The causes of trigger wrist were an anomalous muscle belly of the flexor digitorum superficialis (n = 5), severe tenosynovitis of the flexor tendon (n = 4), fibroma around the flexor tendon sheath (n = 2), a rheumatoid nodule (n = 1), both anomalous muscle belly and tenosynovitis (n = 1), a ganglion (n = 1), and pigmented villonodular synovitis (n = 1). Mild-to-moderate symptoms of median neuropathy without thenar muscle atrophy were present in all patients. Postoperatively, all patients recovered well with resolution of median nerve symptoms, and the wrist triggering was absent.
Trigger wrist is a relatively rare condition compared with trigger finger, which is the most common disorder of the hand. To avoid inadequate and ineffective treatment of patients with trigger wrist, careful examination and proper diagnosis are vital.
TYPE OF STUDY/LEVEL OF EVIDENCE: Therapeutic/IV.
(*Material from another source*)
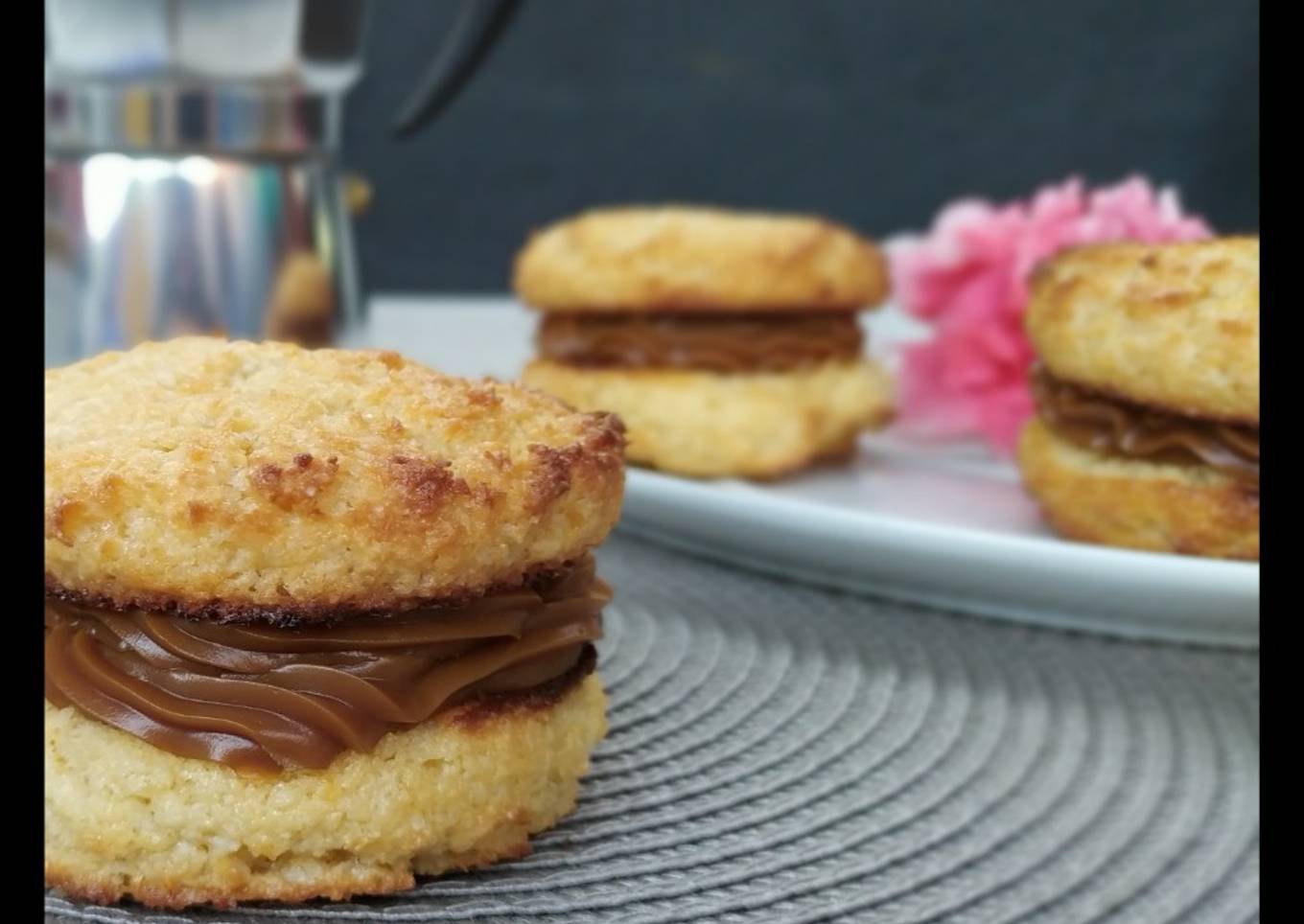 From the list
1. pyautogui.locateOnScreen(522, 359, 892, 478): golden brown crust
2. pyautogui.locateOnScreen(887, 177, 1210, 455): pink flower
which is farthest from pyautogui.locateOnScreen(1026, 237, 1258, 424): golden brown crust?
pyautogui.locateOnScreen(887, 177, 1210, 455): pink flower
扳机指腕是一种相对少见的病症,是由腕部或手指活动引起的腕部卡顿现象。本研究评估了多种病因导致的扳机指腕的临床表现及手术效果。
2008年10月至2012年12月,本研究回顾性分析了15例诊断为扳机指腕的患者。患者包括6名男性和9名女性,平均年龄44.8岁(范围29 - 86岁)。平均随访时间为16.2个月(范围11 - 30个月)。
扳机指腕的病因包括:指浅屈肌异常肌腹(5例)、屈肌腱重度腱鞘炎(4例)、屈肌腱鞘周围纤维瘤(2例)、类风湿结节(1例)、异常肌腹合并腱鞘炎(1例)、腱鞘囊肿(1例)、色素沉着绒毛结节性滑膜炎(1例)。所有患者均有轻度至中度正中神经病变症状,但无大鱼际肌萎缩。术后,所有患者恢复良好,正中神经症状消失,腕部卡顿现象也消失。
与手部最常见的扳机指相比,扳机指腕相对少见。为避免对扳机指腕患者治疗不足或无效,仔细检查和正确诊断至关重要。
研究类型/证据水平:治疗性研究/四级。